After being deployed to command the first Jordanian special operations unit in Afghanistan and staying there for seven months, he attended the United States Army Command and General Staff College at Fort Leavenworth. That advanced training helped him ascend to command the 71st Battalion.

Gen. Adnan considers himself blessed that His Majesty King Abdullah II ibn Al Hussein is not only Jordan’s civilian leader but one of the nation’s leading military figures.

“My military idol is His Majesty King Abdullah II. He was the commander of Jordanian special operation forces from 1996 to 1999, when I served as an officer in the 71st Battalion. Before that, I was an intelligence officer in the 101st Special Forces Group, and we were in constant communications with His Majesty, as he was our commander,” the general said.

“His Majesty has a sharp military mind, and we learned patience, tolerance and humility from him. He inspired us to adopt his leadership values. We are honored that His Majesty left his position as special forces commander to become king of Jordan.”

King Abdullah has retained a place in his heart for special forces, personally overseeing the progress these elite troops are making in the field. Gen. Adnan and his colleagues are gratified by the attention they receive.

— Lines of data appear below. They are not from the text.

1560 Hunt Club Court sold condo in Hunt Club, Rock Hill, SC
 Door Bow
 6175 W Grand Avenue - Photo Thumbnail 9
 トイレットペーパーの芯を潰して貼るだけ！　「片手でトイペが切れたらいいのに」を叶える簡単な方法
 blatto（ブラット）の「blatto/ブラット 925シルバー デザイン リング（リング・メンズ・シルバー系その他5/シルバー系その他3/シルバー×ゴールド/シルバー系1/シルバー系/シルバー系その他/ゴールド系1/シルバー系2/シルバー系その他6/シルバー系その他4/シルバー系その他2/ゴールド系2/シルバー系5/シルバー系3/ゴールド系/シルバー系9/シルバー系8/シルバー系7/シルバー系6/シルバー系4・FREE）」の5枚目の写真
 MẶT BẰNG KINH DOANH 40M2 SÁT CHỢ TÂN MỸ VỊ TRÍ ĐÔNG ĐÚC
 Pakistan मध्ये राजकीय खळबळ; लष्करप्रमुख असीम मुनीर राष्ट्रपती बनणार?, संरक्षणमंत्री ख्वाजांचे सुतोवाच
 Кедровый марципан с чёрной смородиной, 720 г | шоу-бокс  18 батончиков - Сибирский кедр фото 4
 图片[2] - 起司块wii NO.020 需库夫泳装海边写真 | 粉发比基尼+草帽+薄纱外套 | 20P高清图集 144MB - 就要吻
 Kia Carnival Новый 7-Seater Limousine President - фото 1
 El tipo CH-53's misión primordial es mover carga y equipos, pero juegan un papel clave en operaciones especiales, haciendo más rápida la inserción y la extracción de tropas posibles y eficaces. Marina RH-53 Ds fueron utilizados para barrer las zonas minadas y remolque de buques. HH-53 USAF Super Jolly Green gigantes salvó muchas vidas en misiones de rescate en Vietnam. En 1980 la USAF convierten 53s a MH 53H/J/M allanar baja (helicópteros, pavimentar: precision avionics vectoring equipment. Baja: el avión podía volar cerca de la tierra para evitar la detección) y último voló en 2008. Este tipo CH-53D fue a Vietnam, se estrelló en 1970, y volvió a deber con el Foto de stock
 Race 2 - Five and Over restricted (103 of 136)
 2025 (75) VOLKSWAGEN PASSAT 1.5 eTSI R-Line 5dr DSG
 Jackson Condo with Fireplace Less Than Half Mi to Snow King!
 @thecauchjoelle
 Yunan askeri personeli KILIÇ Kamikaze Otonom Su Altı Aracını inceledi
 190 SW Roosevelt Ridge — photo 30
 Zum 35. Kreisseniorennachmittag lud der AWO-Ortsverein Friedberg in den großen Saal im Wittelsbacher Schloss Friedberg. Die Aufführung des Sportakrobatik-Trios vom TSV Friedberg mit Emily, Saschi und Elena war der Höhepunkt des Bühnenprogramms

“Since I became the commander of special operations in July 2015, I have been blessed with four visits by the king,” he said. “These visits boost our morale and make us proud. He personally discusses security challenges in the region, reviews our plans and exchanges ideas.”

Gen. Adnan believes that defeating terrorists requires multiple efforts that transcend special forces, encompassing conventional military units, the civilian security sector, allied forces and society at large.

He believes it is the duty of every Muslim nation to develop plans to counter extremist ideology, clarifying the true nature of Islam to deprive Daesh of recruits misled by its lies.

“We are not working on the military objectives only; we are working on social media to educate the youth and counter extremism through a national plan,” he said. “Modern war no longer uses only conventional forces and weapons. This is a new kind of war that deals with ideology. There is a race between good and evil to win the hearts of the populace.”

This new kind of war also requires international partnerships united against terrorism, the general said. His dream is to create a global network of special operations troops that share the same doctrine and training. They would operate together not just during training exercises but on the battlefield as well. Key to that effort is a system of information sharing.

“As we all know, terrorist organizations across the world share ideology and enjoy cooperation and support among themselves. When evil unites, good must unite to defeat it. Our goal is to bind all efforts of the world’s special operations forces to work in the same direction to set back terrorism,” Gen. Adnan said.

The most pressing concern of Jordanian forces is guarding the kingdom, particularly the volatile northern border it shares with Syria. The general quoted King Abdullah’s concern about the need for special forces to play both a strategic and tactical role in areas favored by terrorists.

“I have units stationed there and work daily with border forces. We help our brothers, the Syrian refugees, as they cross the border and head toward the refugee camps. At the same time we act as a rapid response force and engage the smugglers and drug traffickers who attempt to cross our borders,” the general said.

“We also have an emergency unit ready to deploy, whether it’s defending the integrity of the kingdom or deploying anywhere in the world where our leadership identifies a target that’s essential for our security and interests.”